Pakistani politician (born 1942)

Rana Shamim Ahmed Khan (born 6 July 1942) is a Pakistani politician who had been a member of the National Assembly of Pakistan from August 2018 till August 2023. Previously he was member of the National Assembly from June 2013 to May 2018 and a member of the Provincial Assembly of the Punjab from 1985 to 1996.
He is current chairman of Standing Committee for Kashmir affairs and Gilgit Baltistan.

==Early life==
Shamim was born on 6 July 1942 to father Rana Muhammad Chiragh, and hails from Sialkot.

==Political career==

He was elected to the Provincial Assembly of the Punjab from Constituency PP-145 (Sialkot) in the 1985 Pakistani general election.

He was re-elected to the Provincial Assembly of the Punjab as a candidate for Islami Jamhoori Ittehad (IJI) for Constituency PP-105 (Sialkot) in the 1988 Pakistani general election. He received 31,001 votes and defeated Khalid Muhammad Khaliq, a candidate of PPP.

He was re-elected to the Provincial Assembly of the Punjab as a candidate for IJI for Constituency PP-105 (Sialkot) in the 1990 Pakistani general election. He received 39,786 votes and defeated Ijaz Hussain, a candidate of Pakistan Democratic Alliance (PDA).

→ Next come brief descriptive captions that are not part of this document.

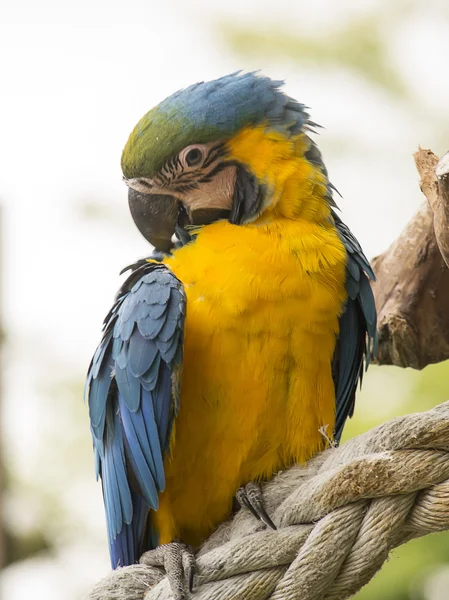 Macaw parrot — Stock Photo, Image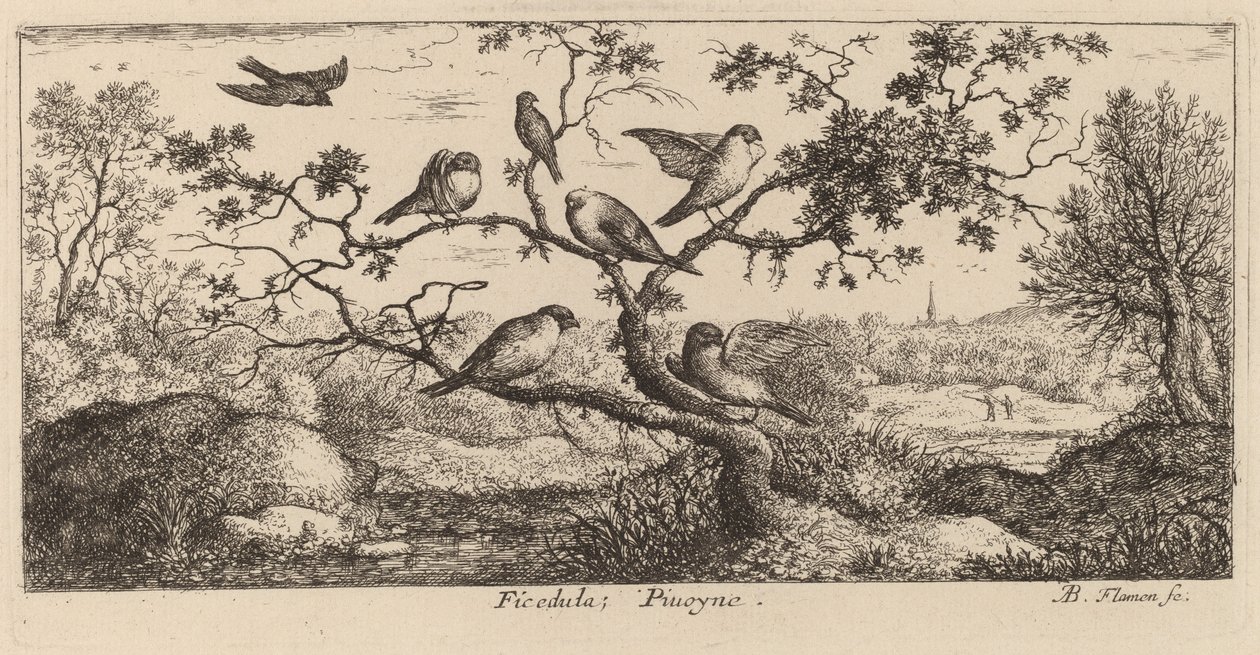 Ficedula, le bouvreuil - Albert Flamen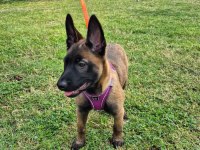 4 aylık son kalite üst düzey malinois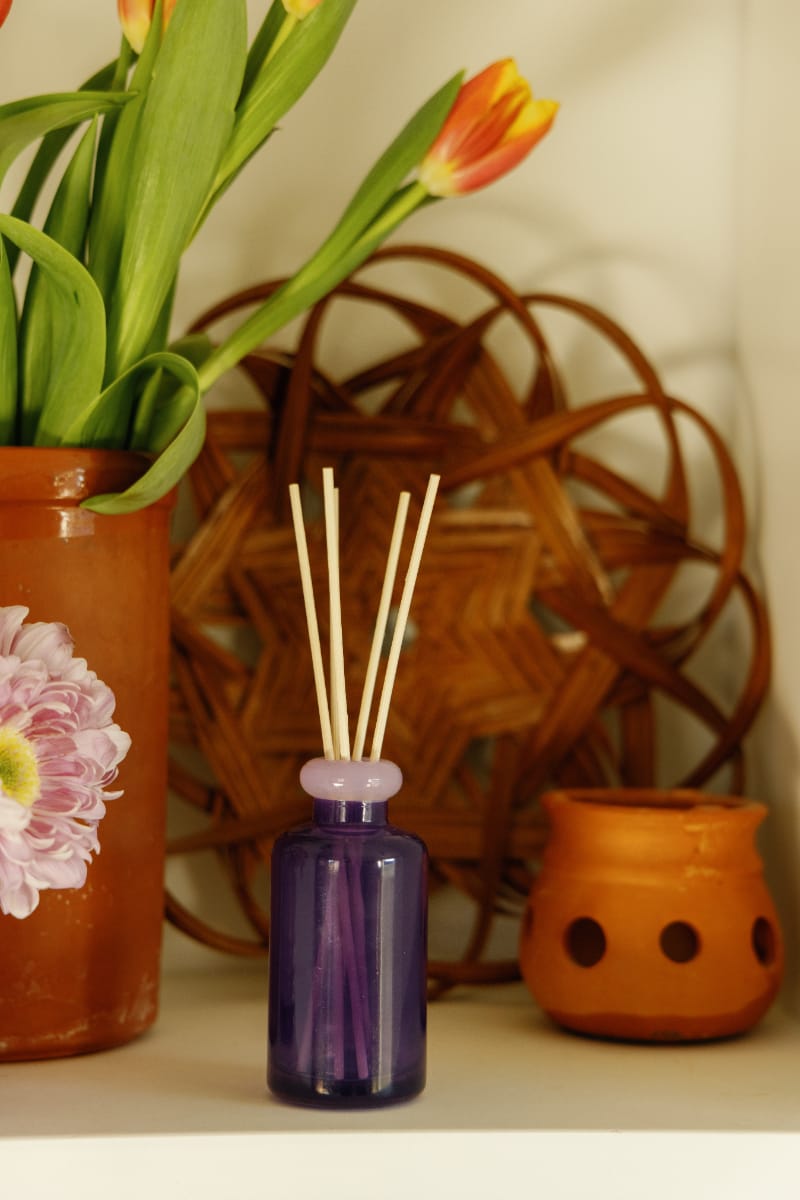A Violet Vanilla - Stack 3.2 oz Diffuser with wooden sticks sits on a shelf next to a matching candle in a reusable glass vessel, surrounded by potted flowers, a terracotta pot, and a decorative woven item in the background.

He was re-elected to the Provincial Assembly of the Punjab as a candidate for Pakistan Peoples Party (PPP) for Constituency PP-105 (Sialkot) in the 1993 Pakistani general election. He received 33,829 votes and defeated Malik Awais Ahmad Bhatti, a candidate of Pakistan Muslim League (N) (PML-N).

Shamim was re-elected to the Provincial Assembly of the Punjab as a candidate for PML-N for Constituency PP-124 (Sialkot-IV) in the 2008 Pakistani general election. He received 24,994 votes and defeated Zulfiqar Ali Ghuman, a candidate of Pakistan Muslim League (Q) (PML-Q).

He was re-elected to the Provincial Assembly of the Punjab as a candidate for PML-N for PP-124 (Sialkot-IV) in by-polls held in June 2008. He received 24,994 votes.

He was elected to the National Assembly of Pakistan as a candidate for PML-N for Constituency NA-112 (Sialkot-III) in the 2013 Pakistani general election. He received 129,571 votes and defeated Salman Saif Cheema, a candidate of Pakistan Tehreek-e-Insaf (PTI).

He was re-elected to the National Assembly as a candidate of PML-N from Constituency NA-76 (Sialkot-V) in the 2018 Pakistani general election. He received 133,664 votes and defeated Muhammad Aslam Ghumman, a candidate of PTI.

==Personal life==
Shamim's son Rana Abdul Sattar has also served as a member of the Punjab provincial assembly.Other Son Rana Abdul Aziz is in Police service of pakistan. Aziz was also a topper in Central Superior Services Exam in 2010,In 2024 promoted in BPS-19.